Koji Yakusho and Arisa Nakano in Perfect Days (Neon)

What we first become aware of in Wim Wenders’s new film Perfect Days is the careful routine around which Hirayama (Koji Yakusho) has organized his life. Routine might be the wrong word, though he does indeed roll up his mattress every morning, water his plants, brush his teeth, and then listen to cassette tapes on his way to Tokyo proper, where he works as a toilet cleaner. He stops to rest at the same park, sees some of the same people (a strange man hugging a tree, a young woman sitting alone on a park bench), reads—and falls asleep—before it is time to go home. He periodically visits the same restaurant, goes to the shop where he buys film for his Holga camera, and bathes at the same public bath. It might be better to refer to his habits as elements that comprise his world, because he never strays far away from them, and they seem to offer him crucial sustenance. He takes great care of his chosen comforts: His tapes and books are neatly organized and well chosen. His plants are kept in a separate room with different lighting.

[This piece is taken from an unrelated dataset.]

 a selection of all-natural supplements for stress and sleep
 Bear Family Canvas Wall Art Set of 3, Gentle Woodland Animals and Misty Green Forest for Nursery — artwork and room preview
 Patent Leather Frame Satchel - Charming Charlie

The song “House of the Rising Sun” is heard more than once, and the music of Patti Smith and Lou Reed (Guess what song?) are part of his collection. The first book we see him reading is by Faulkner, and later, we discover that Patricia Highsmith is on his shelves. What do these books mean to him? And what is he thinking and feeling when he gazes up at the trees, when he silently observes the strangers who haunt the places he returns to, when he scrubs the toilets, when he drives home, when he develops his photographs? There is, of course, the inevitable classist question: What is a man who seems to be so well educated doing cleaning toilets (a question with its own rebuttal: Who are you to say a toilet cleaner wouldn’t read Faulkner)?

Of course, there are disruptions in his little world, not all of them unwelcome or unexpected. He moves aside for the city dwellers who need to use the toilet. His coworker, Takashi (Tokio Emoto), is unreliable and lazy at best, and ends up asking for favors to impress his girlfriend. (Hirayama reluctantly agrees.) Still, much of the film feels more like a piece of music with recurring visual and auditory motifs than a classic three-act story, all of which steadily builds toward… we’re not sure what. Most arresting is the surreal black-and-white imagery that takes over when he dreams. Sometimes it is soothing, other times almost menacing. Often they involve people from his day. They are shot almost like the Holga pictures he takes.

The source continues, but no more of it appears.